Pathway from the accelerator programme to partnership
The three social enterprises, Básicos de Mexico, Abeja Reyna and Smartfish, all participated in the second edition of the IKEA Social Entrepreneurship Mexico Accelerator Programme (MAP) created and delivered in partnership with New Ventures, with support from IKEA Mexico. In 2021 and 2022, the enterprises’ co-founders received capacity-building guidance New Ventures as well as structured mentorship from IKEA co-workers.
The MAP aims to strengthen social enterprises and increase their social and environmental impact; creating livelihood opportunities and delivering affordable goods and services in vulnerable and marginalised communities. Thirty enterprises have participated to date, and while many operate in industries unrelated to the IKEA value chain, late last year, when IKEA Mexico joined IKEA Social Entrepreneurship Programme Coordinator, Tirza Voss, to meet the social enterprises, they saw opportunities to collaborate.
The challenges for social enterprises doing business with long-established and large corporates include logistic, regulatory and economic differences. But the IKEA Mexico retail, product development and purchasing and logistics teams worked together with the social enterprises to find bridging solutions and bring their products to IKEA customers.
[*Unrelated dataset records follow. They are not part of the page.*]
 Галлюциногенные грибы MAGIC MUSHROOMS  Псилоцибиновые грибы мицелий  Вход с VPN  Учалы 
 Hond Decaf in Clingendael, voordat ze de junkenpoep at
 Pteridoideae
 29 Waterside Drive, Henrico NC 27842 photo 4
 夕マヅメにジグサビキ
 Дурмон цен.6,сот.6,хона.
“As a recipient of our innovation grant, it’s exciting to see Smartfish selling sustainably sourced food products at IKEA Mexico. And having tried Abeja Reyna honey at their Mexico City store, I’m happy that IKEA customers too can now take home these tasty local honeys. While at the Latin America Impact Investing Forum (FLII) earlier this year, I also reconnected with Básicos co-founders Valerie and Daniele whose creativity and drive to impact the textile industry positively has been central to this partnership” says Tirza Voss, IKEA Social Entrepreneurship Programme Coordinator.
Local knowledge, local suppliers
Daniela Gremión and Valerie Benatar’s sustainable fashion brand, Básicos de México, works with fair trade principles, supporting small, local, family-owned maquilas (workshops) to ensure good conditions and fair pay. Their design process incorporates overrun cloth (like remnants from previous production) into new products. For IKEA Mexico, they’ve designed aprons, napkins, tablecloths and tortilleros (tortilla warmers) adding to the localised offer at two IKEA stores.
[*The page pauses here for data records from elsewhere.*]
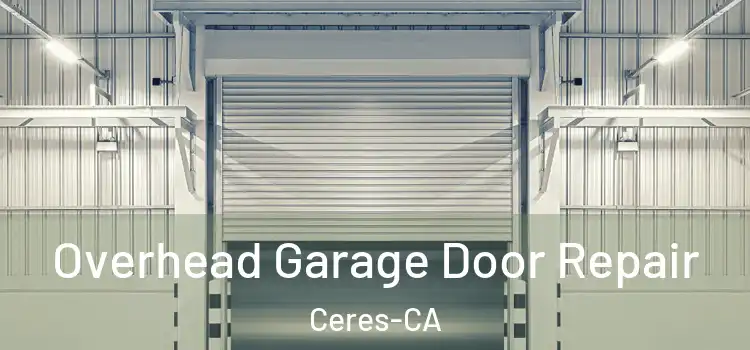  Overhead Garage Door Repair Ceres-CA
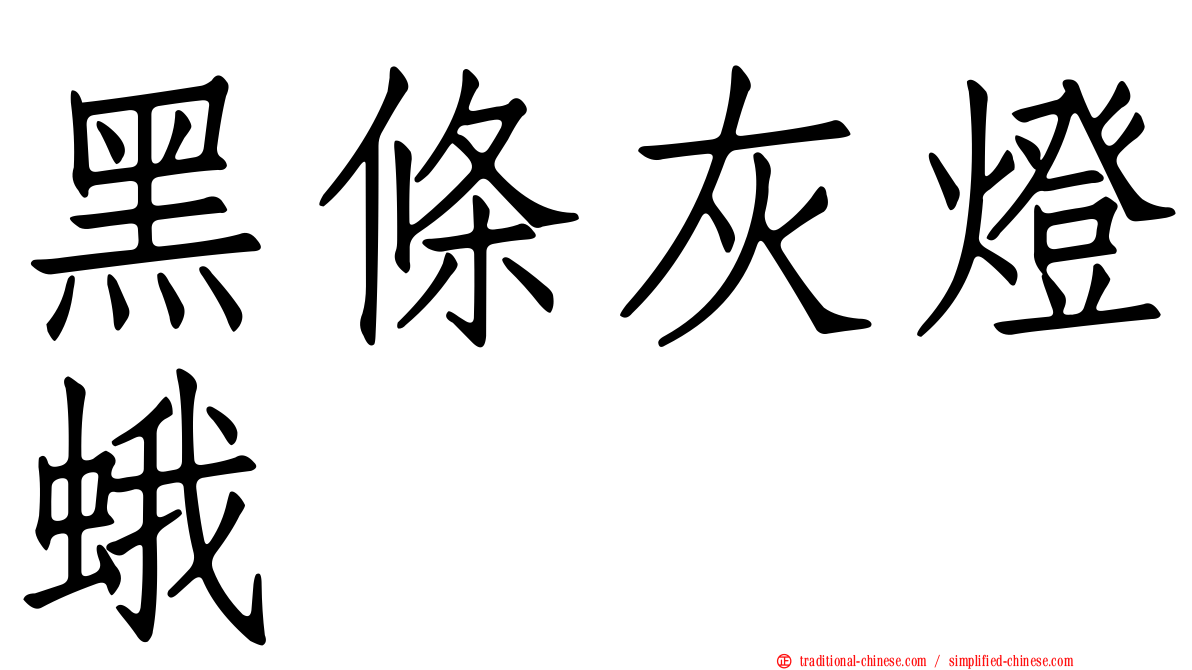 黑條灰燈蛾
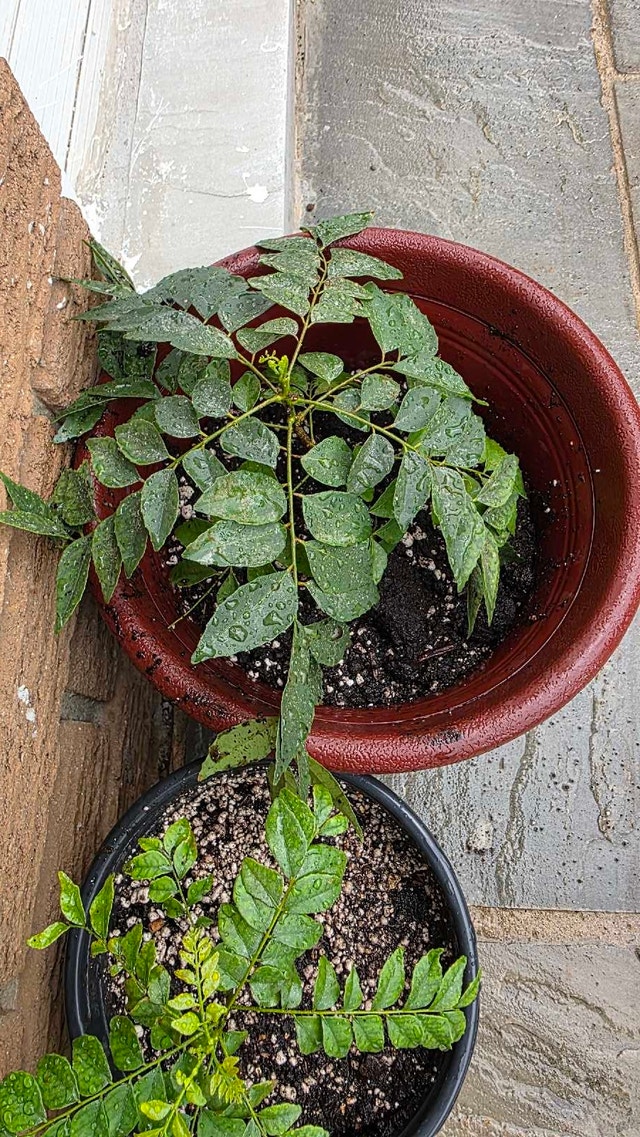 Curry Plant - photo 5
It’s important that we respect workers’ autonomy and wellbeing; promote the recycling and reuse of textiles, and raise customer awareness about the importance of responsible consumption.
Together with IKEA Mexico Sales Leader, Karla Delpino, Básicos designed and developed 30 items in different textiles and colours for which increased production and revenue projections have allowed expansion and investment.
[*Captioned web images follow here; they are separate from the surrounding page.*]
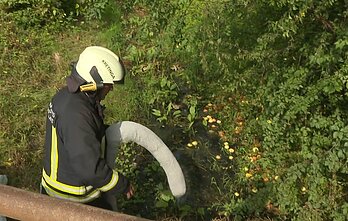 Kretingiškiai skundžiasi bendrovės veikla – grūdai rūgsta, švinksta ir teršia tvenkinį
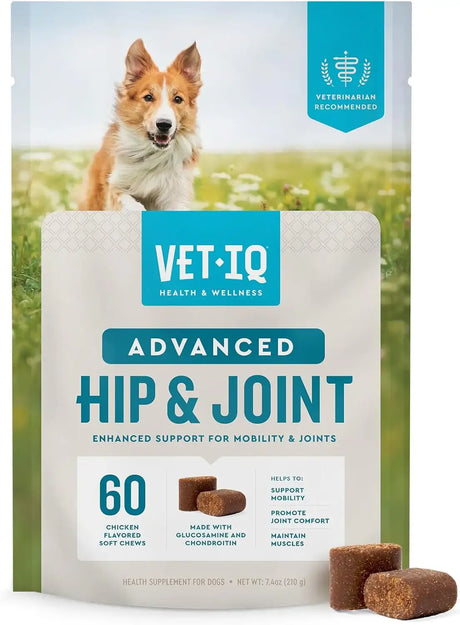 VETIQ - VetIQ Advanced Hip & Joint with UC-II 60 Masticables - The Red Vitamin MX - Cuidado De Cadera Y Articulaciones Para Perros - {{ shop.shopifyCountryName }}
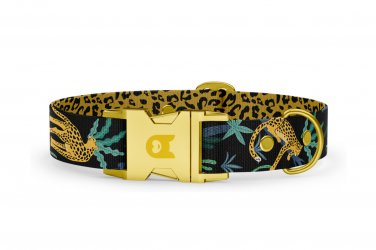 Dog collar Basic Collection Jaguar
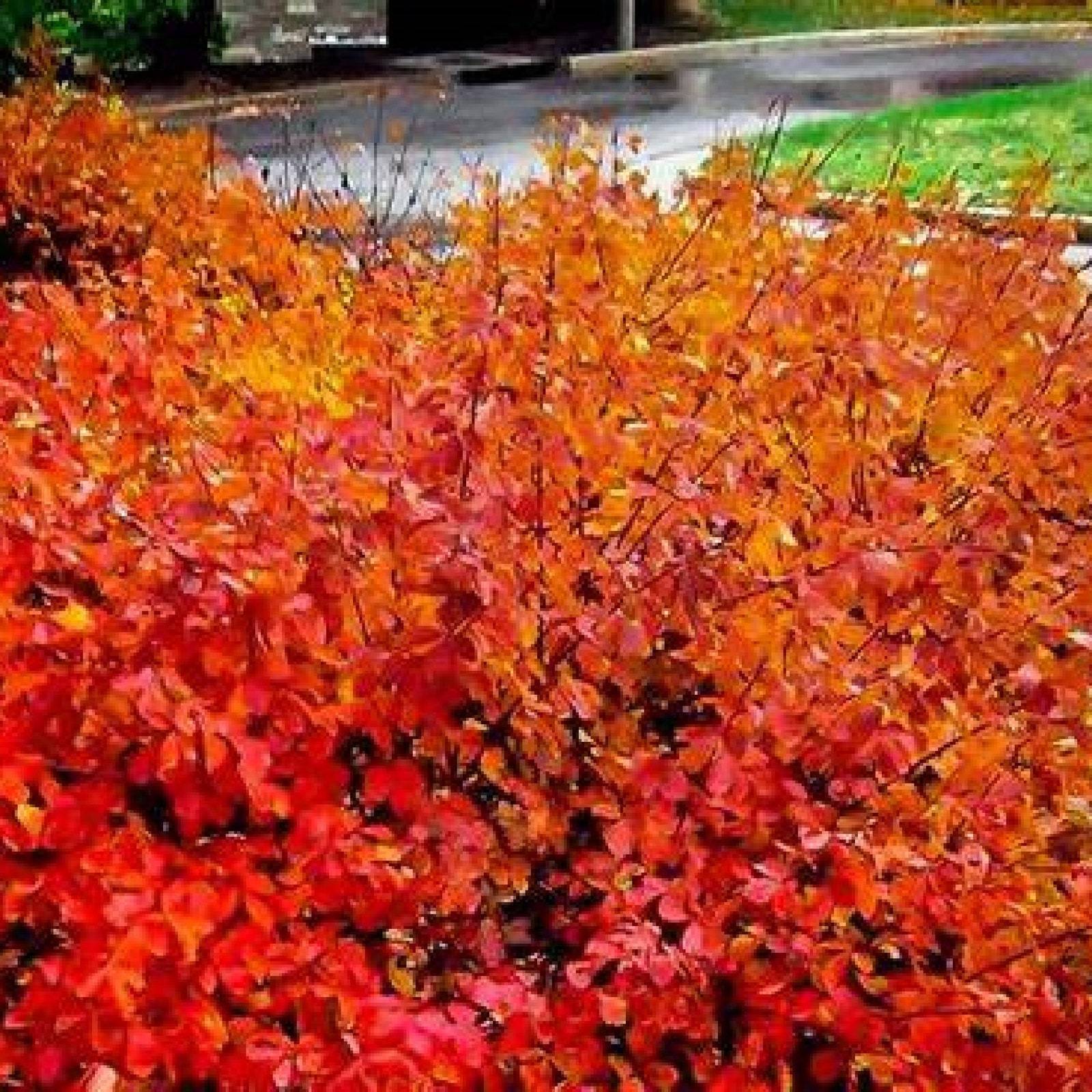 Konza Fragrant Sumac Rhus Aromatica Konza Vibrant Deciduous Ornamental Fruit Soi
“This is the first time that we’ve collaborated with local Mexican suppliers. These social entrepreneurs have demonstrated their ability to address systemic problems and generate innovative solutions, adding value to their environment and promoting economic development. For IKEA Mexico it represents an opportunity to market products that are driving positive change,” says Jaap Doornbos, IKEA Mexico Retail Director. “If we really want to build a sustainable, resilient, circular, equitable and inclusive Mexico, it’s essential to work together.”
Local products, local flavour
Working with small fisher communities, Smartfish works to reduce the number of intermediaries in the value chain. Retaining more value within the fishing cooperatives allows for a focus on improved incomes and training opportunities, and generates new jobs. Smartfish also secures cleaning and processing improvements and trace products to ensure they’re fresh and sustainably sourced. The four products to be featured in the food market are smoked fish, fish dip, fermented sour cabbage and fish fillets.
Abeja Reyna works with bee farmers producing honey for beauty, healthcare and food products. The Guadalajara-based business collaborates with 105 beekeepers who collectively preserve 90 million bees and produce 300 tons of honey a year. Employing a fair trade supply chain, and with an emphasis on environmental protections for the land fields and flowers integral to bees’ survival, Abeja Reyna is well recognised for its positive impact. Two of their products: honey butter, and honey butter with blueberries, go on sale today.
We’ve been able to create an ethical, humane and fair company, which is a great challenge, and also meet the challenge of making it profitable and competitive.
And at IKEA Social Entrepreneurship, we’re motivated by the change-making potential of collaboration between established businesses and social enterprises, and hope to play a role advancing social entrepreneurship and sharing learnings so that IKEA and other corporates become more inclusive and sustainable businesses.